Freaks Out è bello da vedere. Come il precedente di Mainetti è una rilettura italiana di un film di supereroi, ma ha un respiro unico, profondo, i personaggi sono intelligenti e ben calibrati. Io credo che questo film batta in bellezza e intelligenza almeno la metà dei film della casa americana dei supereroi, creando un nuovo standard italiano di film. Scenografie di ottima maestranza, costumi e iconografie da cinema pop, ma con una bellissima rilettura da favola dei partigiani, che mi ricordano una versione mista fra Miyazaki e Calvino. Non viene meno, comunque,  la presenza di una guerra crudele e violenta e una rappresentazione comunque reale di uno dei periodi più bui della storia umana. Resta il fatto che ci siano grandi interpreti (il gestore del circo è veramente spaziale), bellissime scelte registiche e una colonna sonora di grandissima qualità. Il film crea un universo tutto suo, in cui perdersi è un piacere. Non mancano difetti, e sicuramente chi si aspetta un film profondo e di grande riflessione resterà deluso. Questo è un blockbuster, ma che blockbuster.

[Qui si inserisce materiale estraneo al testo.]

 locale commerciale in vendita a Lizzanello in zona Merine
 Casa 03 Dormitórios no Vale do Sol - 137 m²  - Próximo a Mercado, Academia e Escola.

Il film va visto, va supportato, va dimostrato che l’investimento incredibile portato in sala da dei produttori italiani può essere ripagato. Io mi sono commosso nel capire che effettivamente si può fare qualcosa del genere nel nostro paese, dove l’industria cinematografica relega la sala solo ai film d’autore di alcuni eletti o a pellicole internazionali. Qui c’è una favola partigiana, un film di supereroi, un film per il pubblico, ma un film nostro, un grande atto d’amore per il cinema. Andate a vederlo. Parlatene. E’ giusto che il coraggio venga ricompensato. 


PILGRIMAI (PILGRIMS) di Laurynas Bareisa (Lituania)

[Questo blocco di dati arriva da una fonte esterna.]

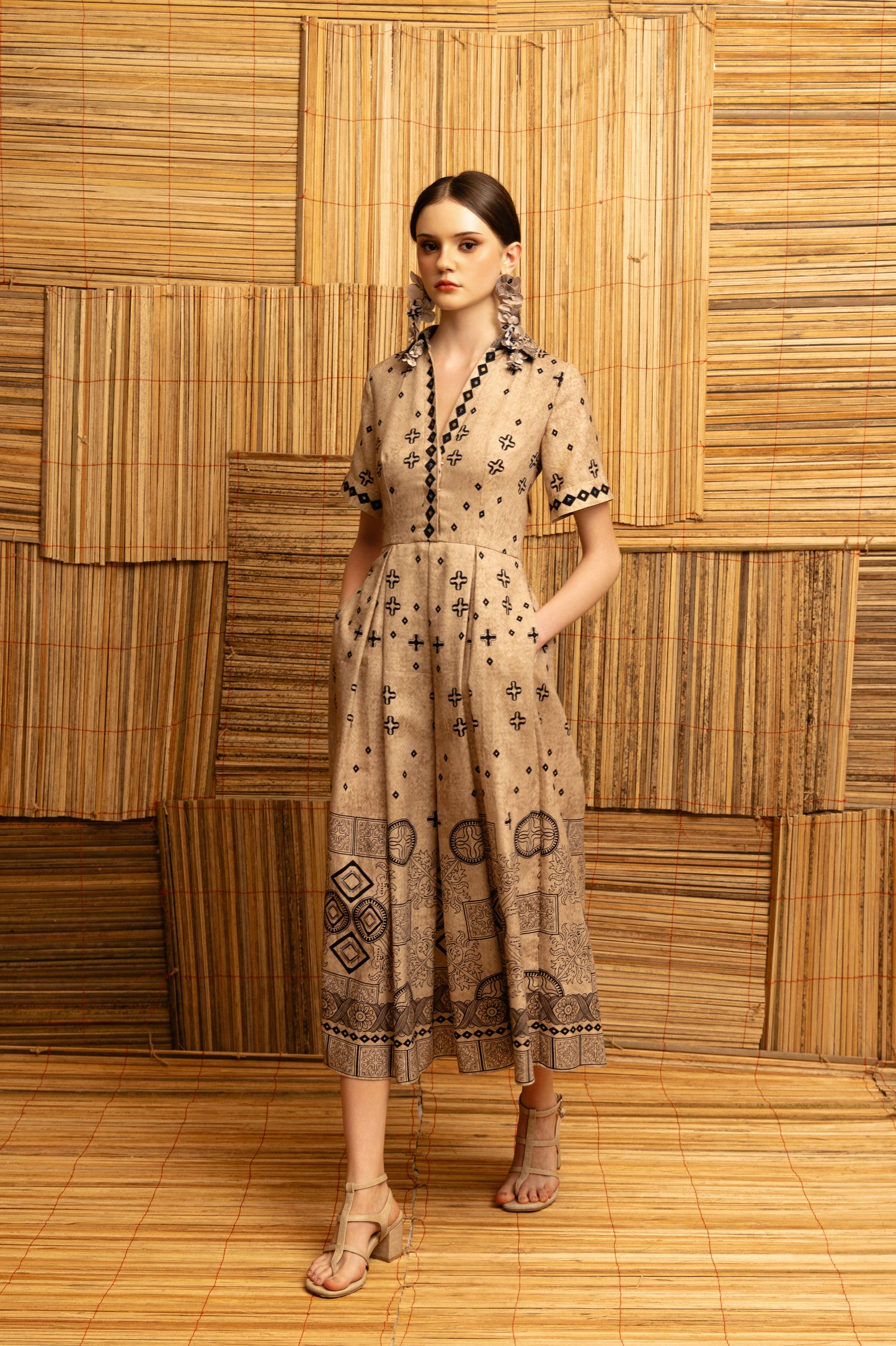 VT 8873 Lawa Classic Pleated Dress in Wheat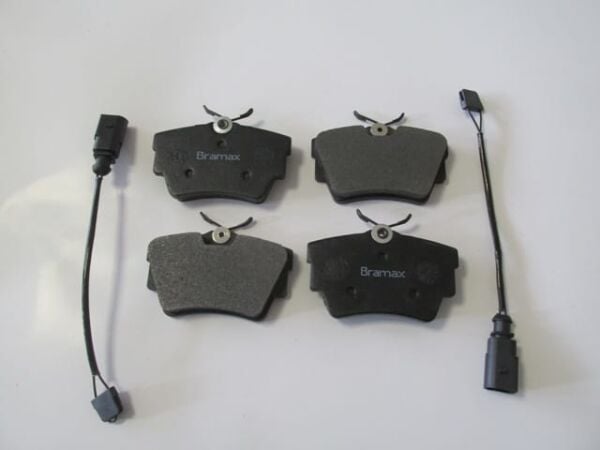 RENAULT TRAFIC- 2- 04/14; ARKA FREN BALATASI (2 KABLOLU)(DİSK)(94,8x57,4x15) (BRAMAX)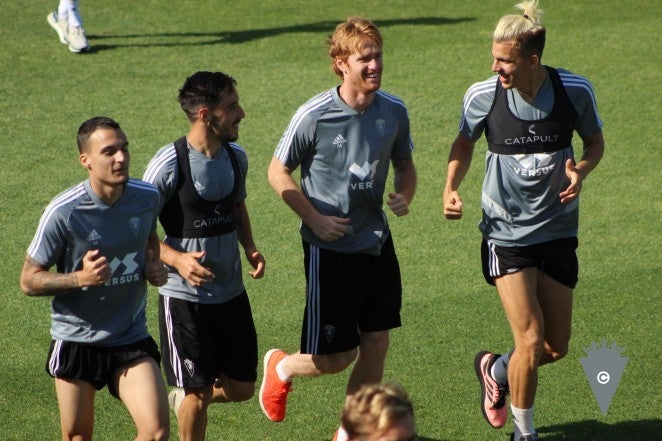 (VÍDEO) El Cádiz CF ultima su preparación antes de la vuelta de La Liga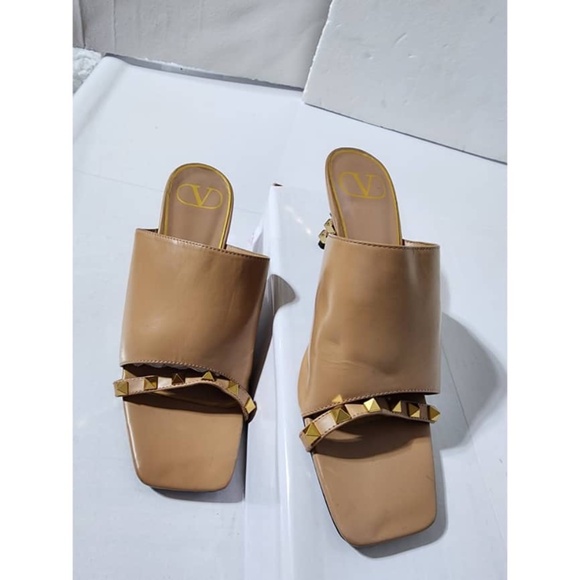 Authentic VALENTINO GARAVANI Nappa Rockstud Tower Heel Mules 38 Biege - Picture 6 of 16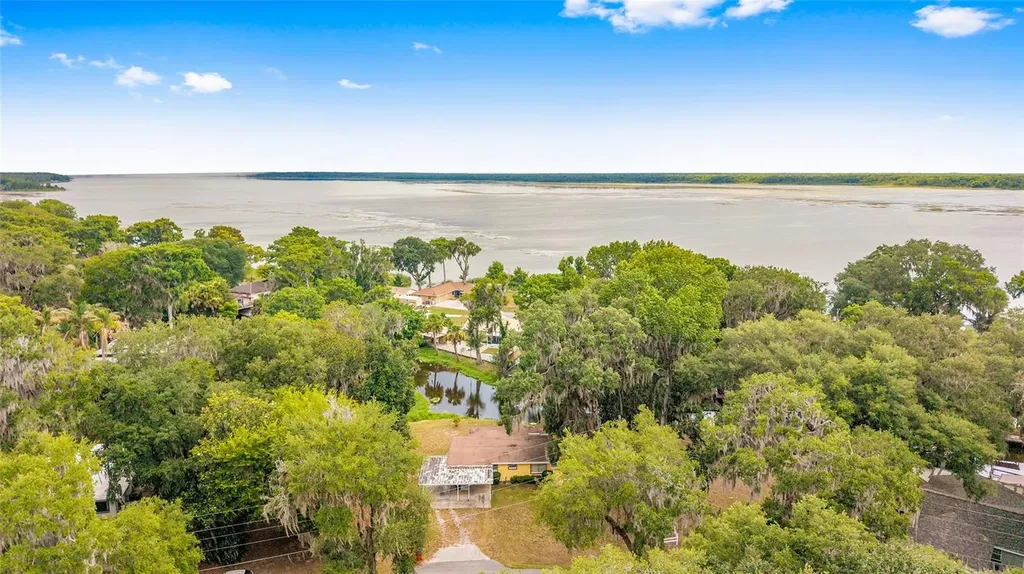 2345 Cr 453 Lake Panasoffkee FL 33538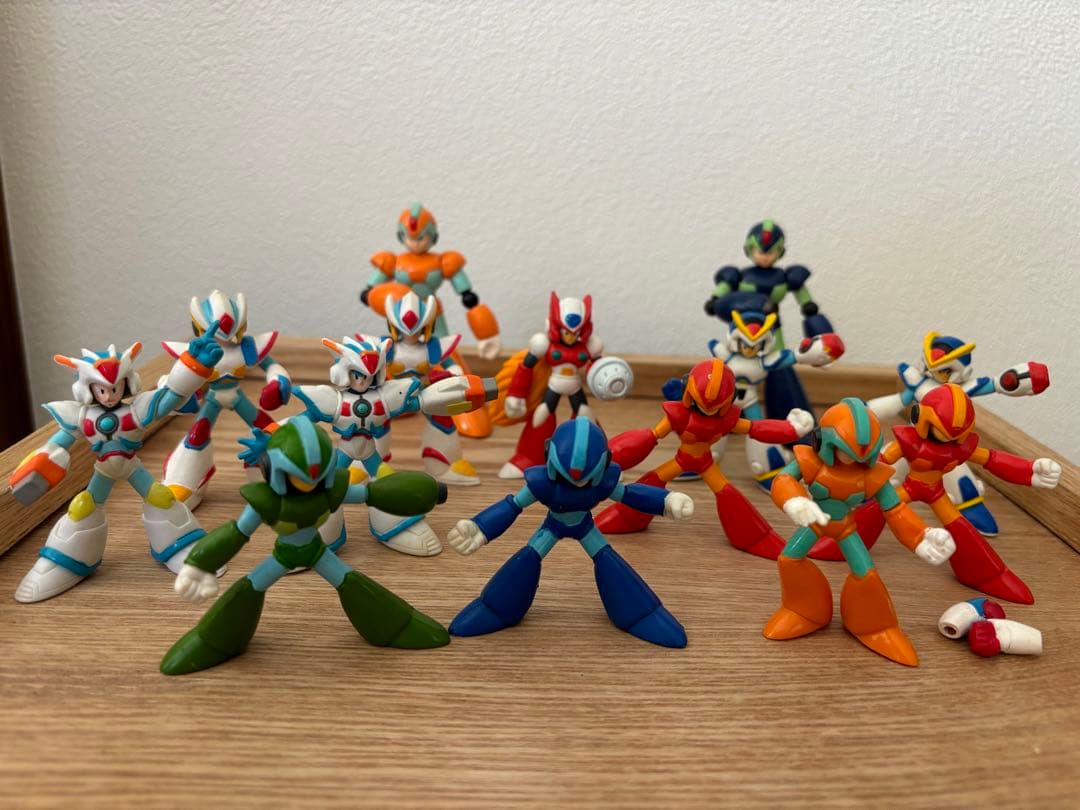 ロックマンx フィギュア 食玩 14体セット - メルカリ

La mia recensione sarà falsata purtroppo, avendo io dormito per i primi 40 minuti di film a spizzichi e bocconi. C’è da dire che l’inizio non favorisce la visione, essendo un film dai ritmi inesistenti. Un ragazzo viaggia con l’ex di suo fratello per visitare in pellegrinaggio i luoghi chiavi del rapimento e poi dell’omicidio del suddetto fratello. E’ un viaggio lento e sentito, in cui i due riscoprono gli ultimi tragici momenti del loro amato.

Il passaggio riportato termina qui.